Muğla’nın yapı sektöründe "Muğla Bacası" olarak adlandırılan ve 28 alaturka kiremitten yapılan bacalar, yaklaşık iki asırdır poyraz rüzgarlarına karşı kullanılırken, üstün dayanıklılığıyla dikkat çekiyor. Yapım teknikleri ve işlevselliğiyle hayranlık uyandıran bu bacalar, özellikle sert kış mevsimlerinde "Deli Mehmet" olarak adlandırılan poyraz rüzgarlarına karşı evleri koruyor ve karbonmonoksit zehirlenmelerini önlüyor. “Tarihi ve işlevselliğiyle öne çıkıyor”
Muğla Sıtkı Koçman Üniversitesi Edebiyat Fakültesi Sanat Tarihi Bölümü Öğretim Üyesi Prof. Dr. Ayşe Aydın, Muğla Bacası’nın 1825’li yıllardan itibaren kullanılmaya başlandığını ve halen yaygın olduğunu belirtti. Prof. Dr. Aydın, "Bu bacalar ciddi hesaplama ve tecrübenin sonucunda oluşturulmuştur. Yapımında kullanılan 28 alaturka kiremit, dört yanı açık yapısıyla soba tütmesini engellerken yağışlı ve rüzgarlı havalarda bile üstün performans sağlar" dedi. “Bir gelenek ve inovasyon ürünü”
Türk ve Rum aileler tarafından kullanılan, piramidal veya konik formlu bu bacalar, ilk olarak zengin ailelerin evlerinde inşa edildiğini belirten Prof. Dr. Aydın, "Muğla Bacası’nın kökeni Rum adalarına dayanmaktadır. Halk arasında poyraz rüzgarları ve yağışlı havalar nedeniyle bu bacalar tercih edilmiştir. İlginç bir şekilde, yerli aileler bacaların üst kısmındaki haç formu nedeniyle başlangıçta bu tasarımı benimsememiştir" dedi. “Muğla’nın sembolü: 28 kiremitli Muğla bacası”
Bacaların yapım tekniklerine de değinen Prof. Dr. Aydın, "Muğla Bacası, dörtgen planlı bir baca üzerine dört düz ve dört ters üçgen formunda kiremitlerin yerleştirilmesiyle yapılır.

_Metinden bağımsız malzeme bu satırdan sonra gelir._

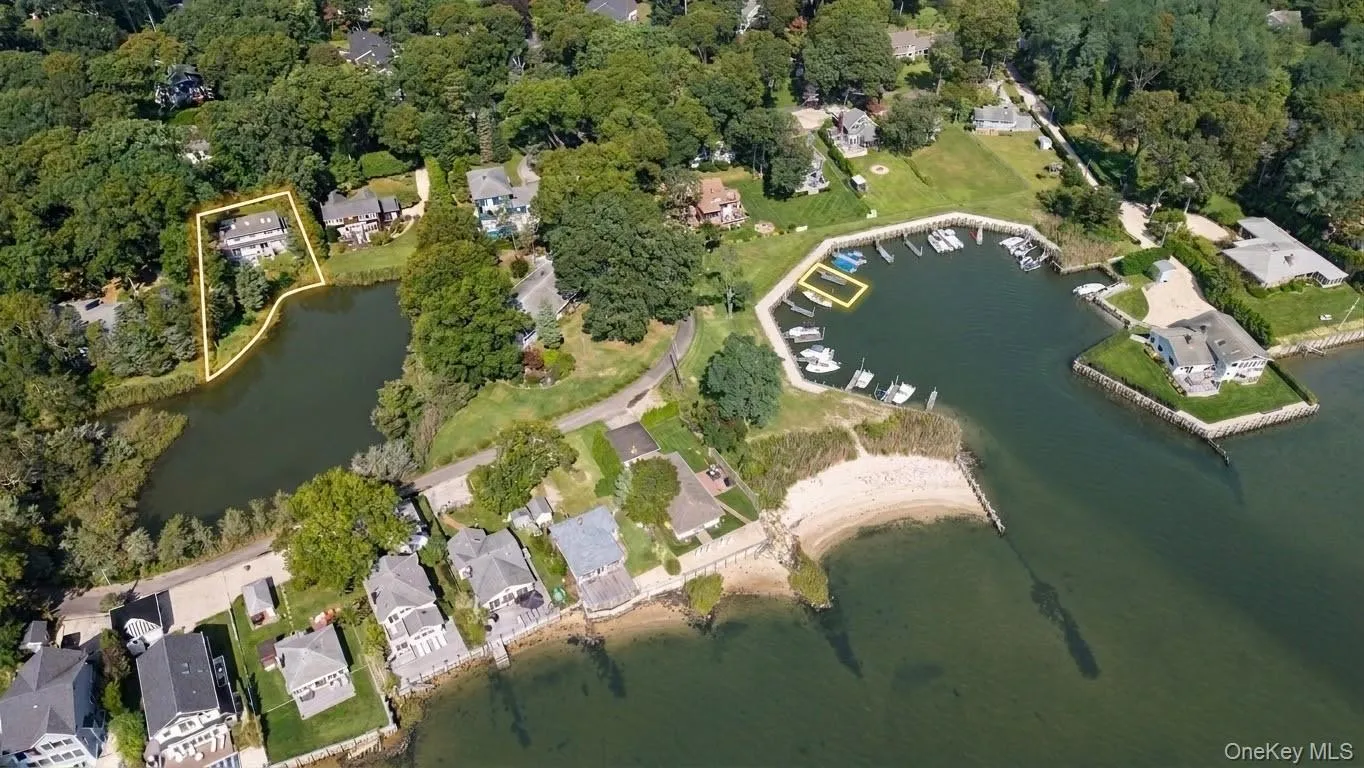 Aerial view of the waterfront property, boat slip, private beach, marina Aerial view of the waterfront property, boat slip, private beach, marina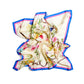 A light cream silk scarf playfully crumpled and laid out on a white background. The fabric is decorated with a delicate floral pattern featuring pink, yellow, and blue blossoms and brown leather strap motifs. The edges of the scarf are framed by a bold double border of blue and pink stripes. The soft silk sheen and deep folds create a sense of luxury and elegance, highlighting the quality of the natural material.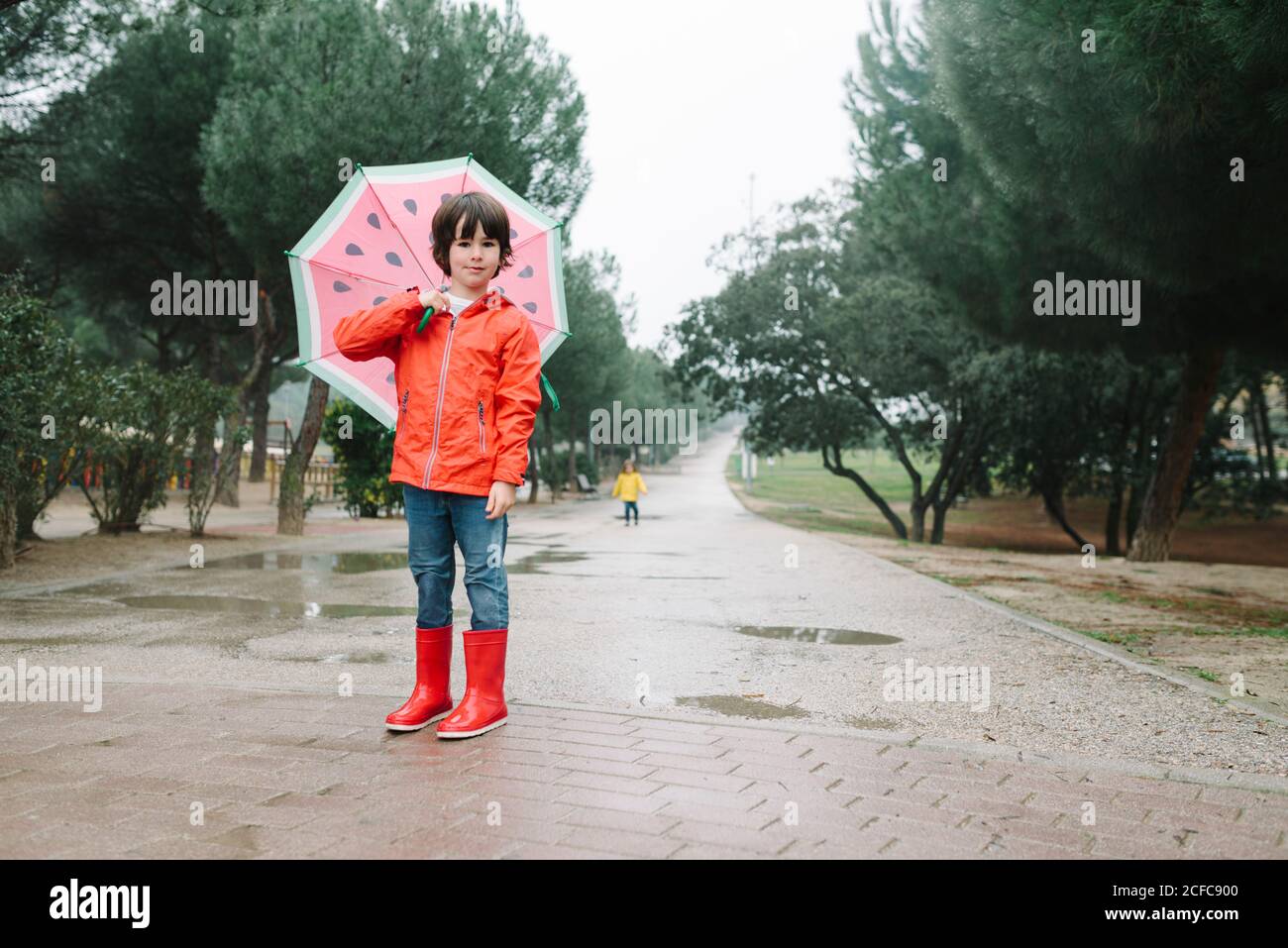 Aktives Kind mit Wassermelone Stile offenen Regenschirm in roten Regenmantel Und Gummistiefel Blick auf Kamera in Parkallee in Grauer Tag Stockfoto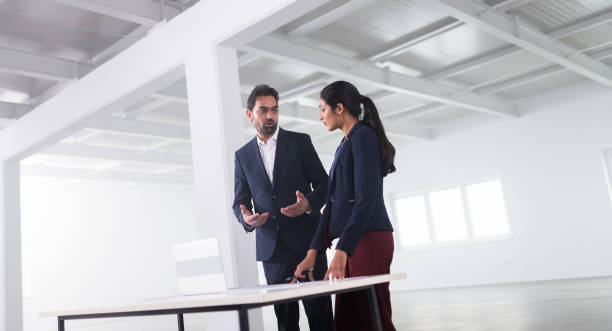istock Man And Woman Examining Plans In An Empty Office 1216938982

Düz üçgenlerin tepe noktalarındaki kiremitler haç formunu oluşturur ve bu yapıda toplam 28 alaturka kiremit kullanılır" dedi. “Kültürel miras korunuyor”
Günümüzde başta Muğla merkez olmak üzere Milas, Yatağan, Ula, Köyceğiz ve Ortaca gibi ilçelerde yaygın olarak kullanılan bu bacalar, yalnızca bir yapı unsuru değil, aynı zamanda bölgenin kültürel ve mimari mirasının önemli bir parçası olarak kabul ediliyor. Muğla Bacası, geçmişten bugüne işlevselliği ve estetiği bir araya getirerek hem tarihi hem de mimari açıdan eşsiz bir miras olmayı sürdürüyor.